== Brief ==
Please, from the entries below, transcribe exactly the lines that begin at the line with "T-rex Costume" and end at the line with "thumbnail image 3", without the pictures.

== Supplied data ==
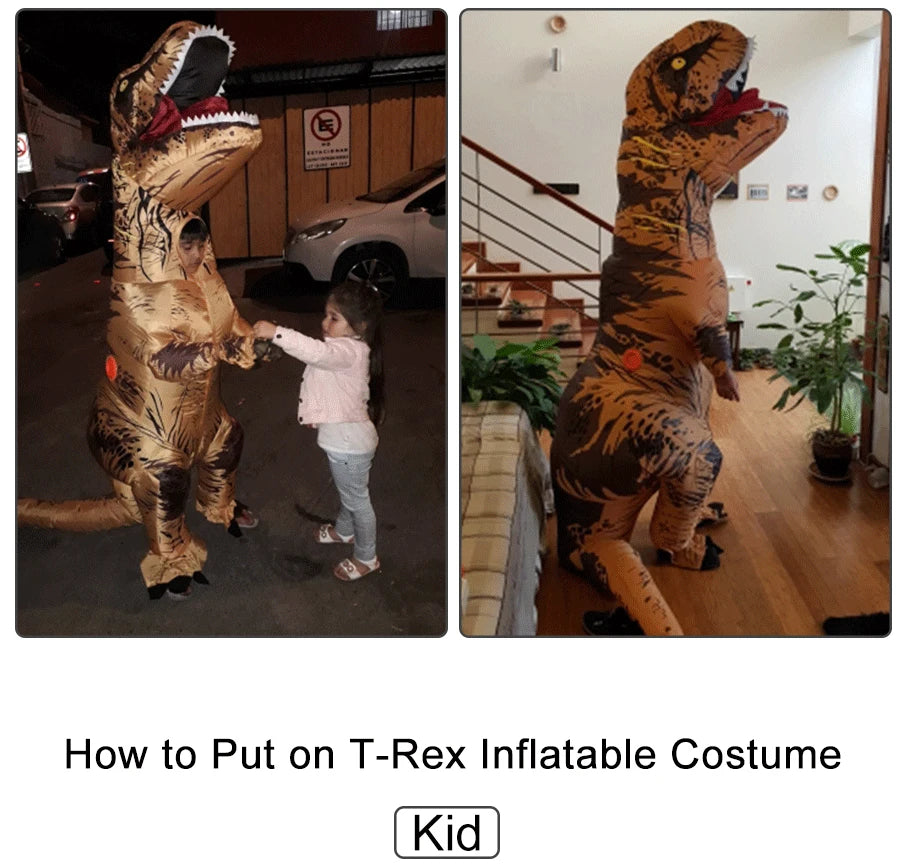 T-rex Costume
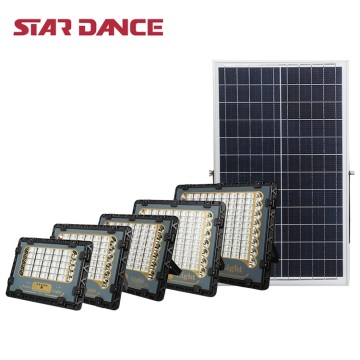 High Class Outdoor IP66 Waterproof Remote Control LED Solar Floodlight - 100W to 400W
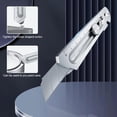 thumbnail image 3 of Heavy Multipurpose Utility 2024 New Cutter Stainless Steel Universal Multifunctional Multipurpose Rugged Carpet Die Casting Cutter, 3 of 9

* * *

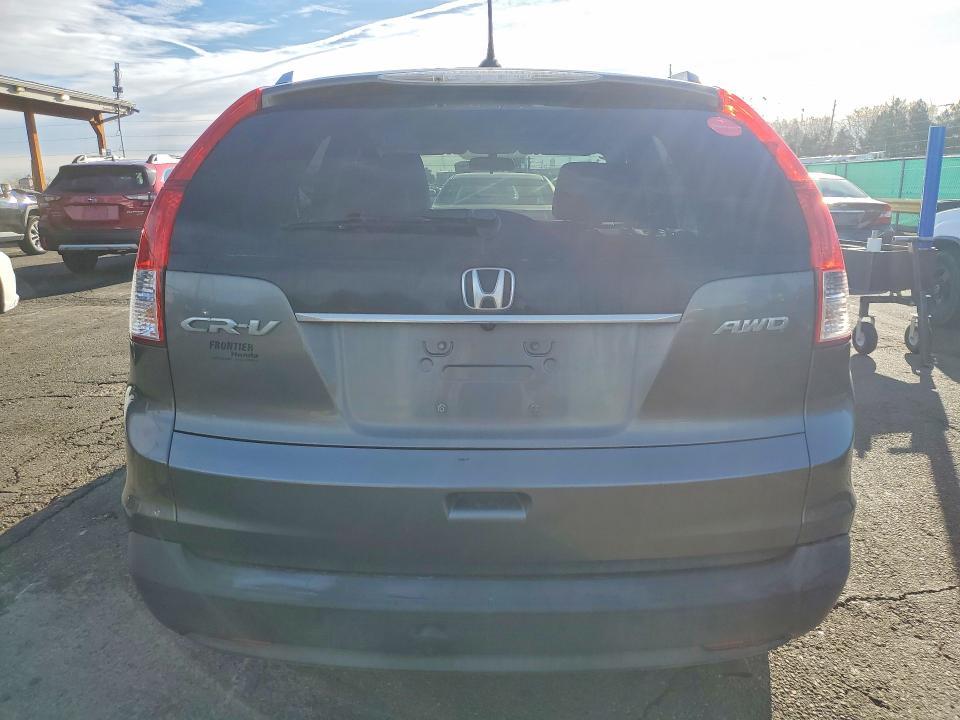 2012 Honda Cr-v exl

== Output ==
 T-rex Costume
 High Class Outdoor IP66 Waterproof Remote Control LED Solar Floodlight - 100W to 400W
 thumbnail image 3 of Heavy Multipurpose Utility 2024 New Cutter Stainless Steel Universal Multifunctional Multipurpose Rugged Carpet Die Casting Cutter, 3 of 9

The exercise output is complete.